Meet a legal intern: Kristen Fox

Name: Kristen Fox.
When I was born: In 1982, after which I spent my early childhood in the tiny rural town of Marshall in the Ozark region of Arkansas before moving to the “suburbs,” the small central Arkansas city of Conway, aka to some as the buckle of the bible belt. The only reason you might have ever heard of it is because we spawned an NBA star Scottie Pippen and “American Idol” winner Kris Allen and are roundly mocked on late-night shows for our annual Toad Suck Daze festival the first weekend in May. (Long ago, steamboats traveled the Arkansas River when the water was at the right depth. When it wasn’t, crews tied up to wait and refreshed themselves at the local tavern to the dismay of residents, who said: “They suck on the bottle till they swell up like toads.”)
Family: I live with my calmer half, Rick (a law enforcement officer and fellow freethinking law student), and our three spoiled-beyond-rotten “kids” (two miniature pinschers and a Doberman pinscher). My mother, stepfather and three younger sisters still live in Conway, and I’m especially close to my oldest little sister, Mireya, who is a 17-year-old “mini-me” (which is the best revenge an adult child can exact on her parents!).
My grandmother also moved there a few years back after my grandfather passed away. He was the first atheist I ever knew, even though I didn’t find out until after he had passed away, sadly.
Education: I received my B.A. from the University of Central Arkansas with a double major in political science and philosophy and a double minor in German and honors interdisciplinary studies. I’m currently a dual-degree student at the University of Wisconsin-Madison, working on a J.D. and a Ph.D. in political science, with emphases in American politics, the judiciary and constitutional law (particularly civil rights and civil liberties).
My religious upbringing was: A Christian potpourri. I (very) sporadically attended the Church of Christ, Pentecostal, and various nondenominational churches, but it was just what you did at the time. As an angry preteen, I was drawn to the hellfire and brimstone of the Anabaptist and Southern Baptist sects, which are never at a loss for recommendations of whom to hate.
Realizing quickly that I wasn’t a literalist and didn’t hate women or the LGBT community, I tried to leave the church scene altogether, but instead I had to wage a weekly war against my parents’ insistence that I attend a Nazarene church full of nice people with completely incompatible beliefs from my own. After high school, I rapidly moved through the deconversion steps of vaguely Christian to “spiritual” to irreligious.
How I came to work as an FFRF legal intern: I’m equally drawn to a career in teaching or progressive interest group work, so when I realized that FFRF was located in Madison, I immediately planned to apply (having a significant other, dogs and a house makes it difficult to jaunt off to D.C. or other more overtly political locales, and besides, I adore Madison).
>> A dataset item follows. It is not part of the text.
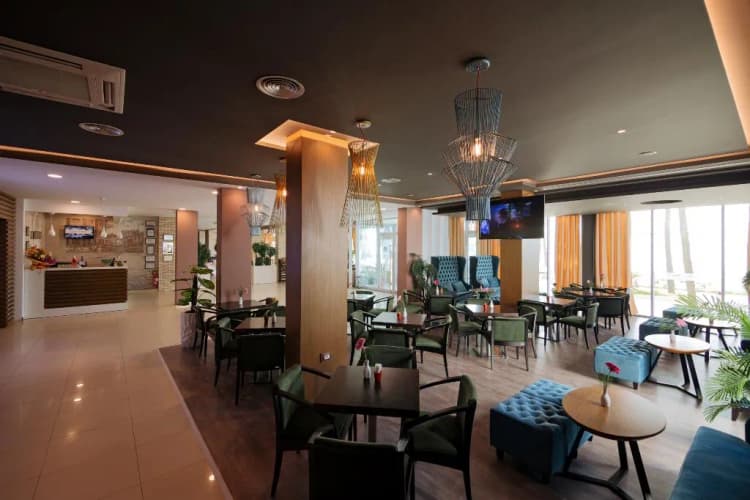 Bar, Albanian Star Hotel, Kavaje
I was a firm believer in the separation of state/church even when I was still moderately religious, and that only grew as I became more politically active in general.
What I do here: Shake my head and sigh — frequently — at the sorts of constitutional violations which occur on a daily basis all over the country. The head-shaking is followed by extensive research, collaboration with the staff attorneys and other interns and then drafting policy letters and letters of complaint.
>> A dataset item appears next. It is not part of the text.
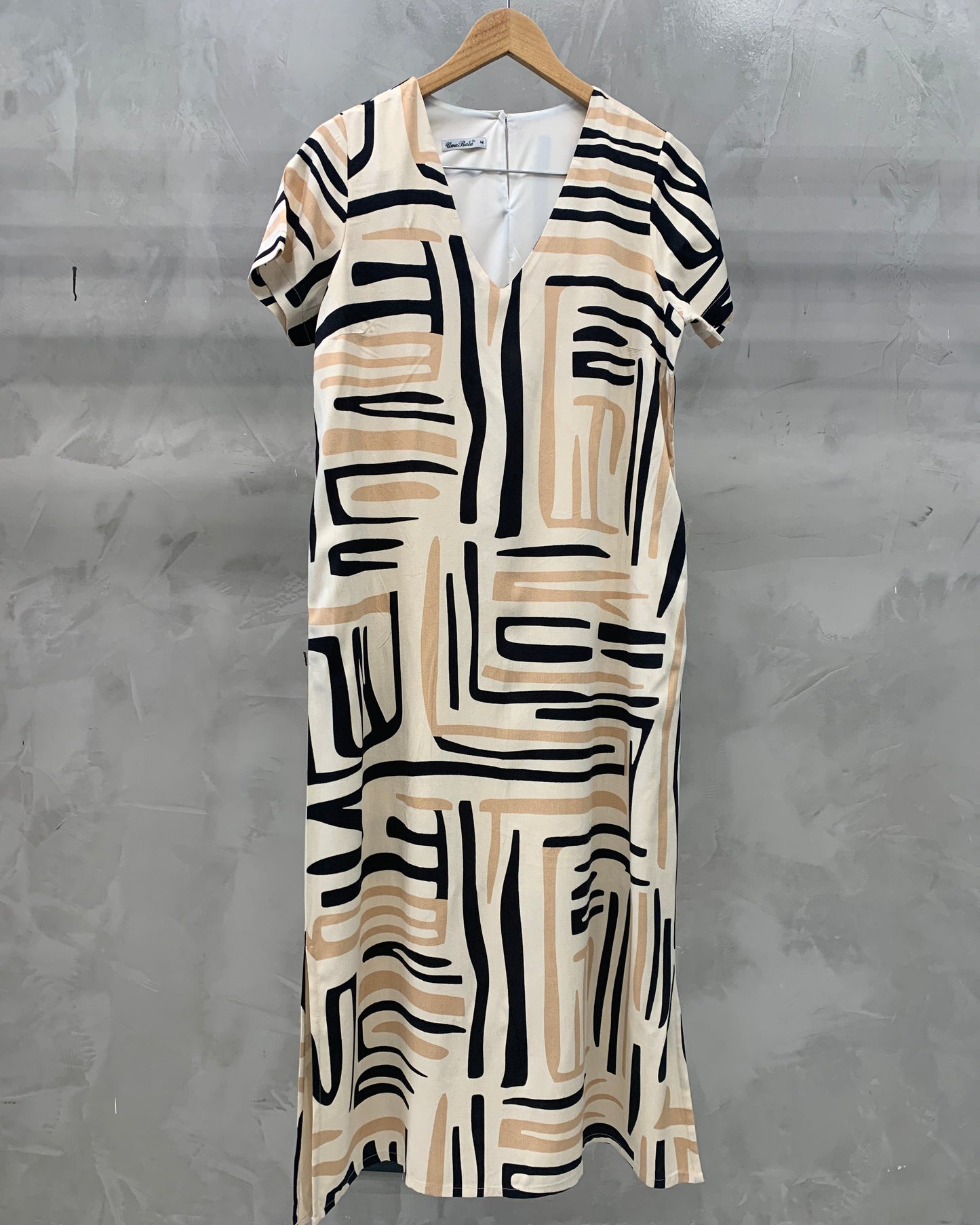 Vestido Midi 91371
What I like best about it: The office environment is incredibly friendly and laid-back. I cannot overstate how wonderful it is to work in an environment where the odds of being attacked for being irreligious are nonexistent. After 26 years in the South, it’s definitely a first.
Something funny that’s happened: It’s been funny realizing how much religious lingo filters into everyday phrases, even at an office of freethinkers (e.g., “oh my god” and the like). My favorite incident was witnessing a rather loud sneeze, an awkward silence, and then an equally loud and enthusiastic “Umm, baby Jesus bless you?!” Another substitute sneeze blessing here is “You are so good-looking” (from “Seinfeld”).
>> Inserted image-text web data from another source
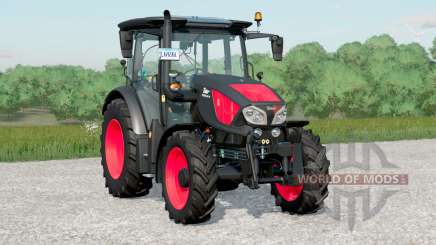 Zetor Proxima HS〡configurations de couleur de tracteur ajoutées pour Farming Simulator 2017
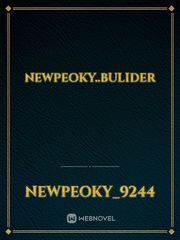 newpeoky..bulider 2018 Novel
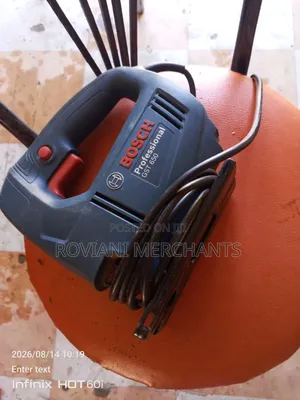 Bosch Jigsawaw GST 650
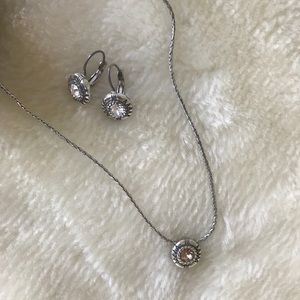 Brighton ~ Earrings and Necklace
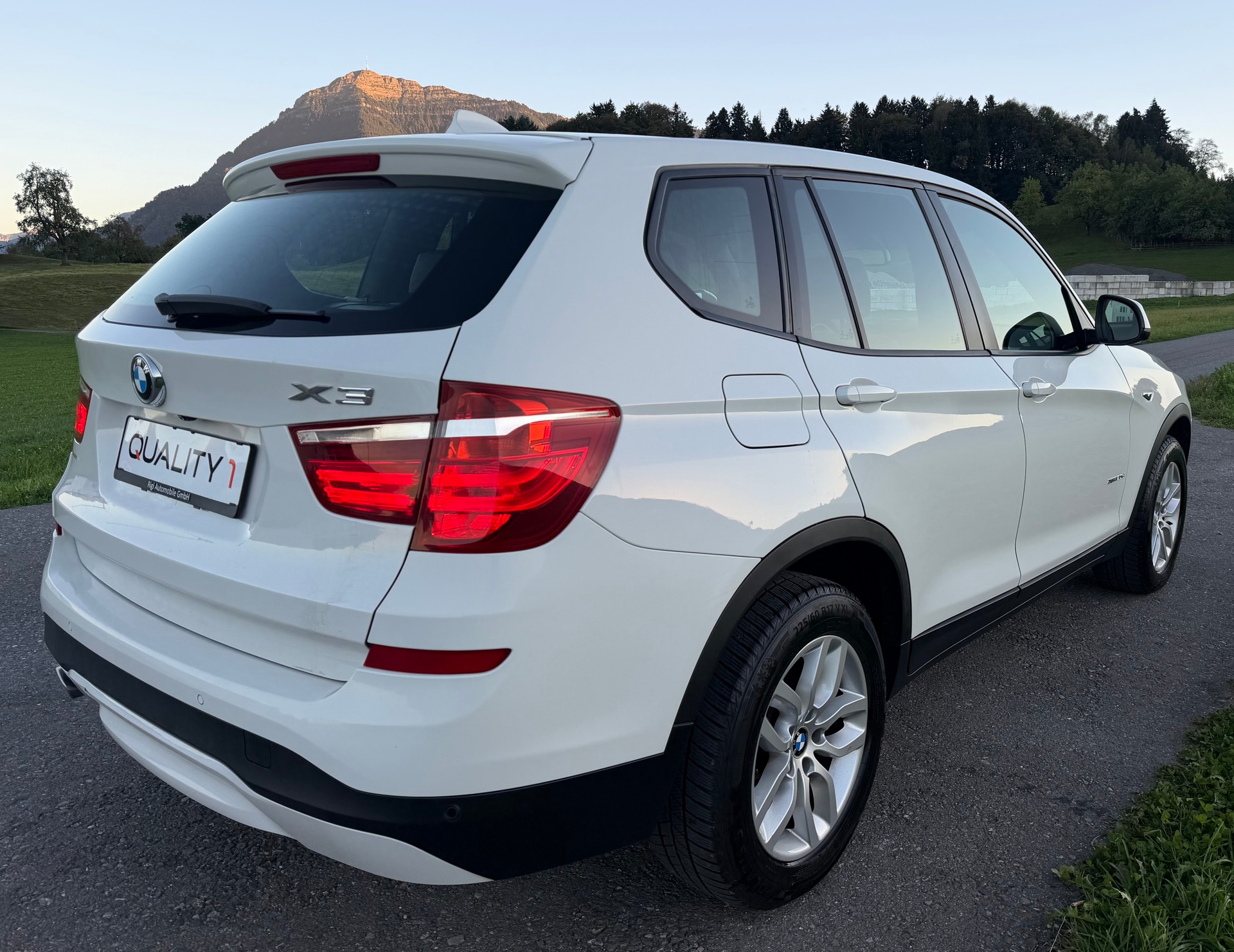BMW X3 xDrive 20d xLine Steptronic-image-6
My legal interests are: My undergrad research focused primarily on LGBT rights and state-church separation issues (with significant overlap, of course). I’m also a bit of a Michel Foucault enthusiast, which (in addition to the writings of George Lakoff and George Orwell) definitely influences my approach to legal studies.
My legal heroes are: How could any good progressive not respect the pioneering Chief Justice Earl Warren? No one’s perfect, but those were fascinating years for civil rights. If only the modern era could have had, say, the Stevens court instead of the Burger, Rehnquist or Roberts courts, but I dream.
These three words sum me up: Sarcastic vegan socialist.
Things I like: My fiancé, Rick Spoentgen. Reading and writing, but not arithmetic. All things Henry Rollins. “Call of Duty,” “Mortal Kombat” and other time-sucking console-gaming pleasures. Nietzsche. Debating uncomfortable political and/or religious topics.
Things I smite: Bad drivers, particularly those who sit in the middle of the intersection before turning left on red lights, or anyone who drives in front of me while going under the speed limit. Descartes. Summer heat and humidity. Our two-party political system.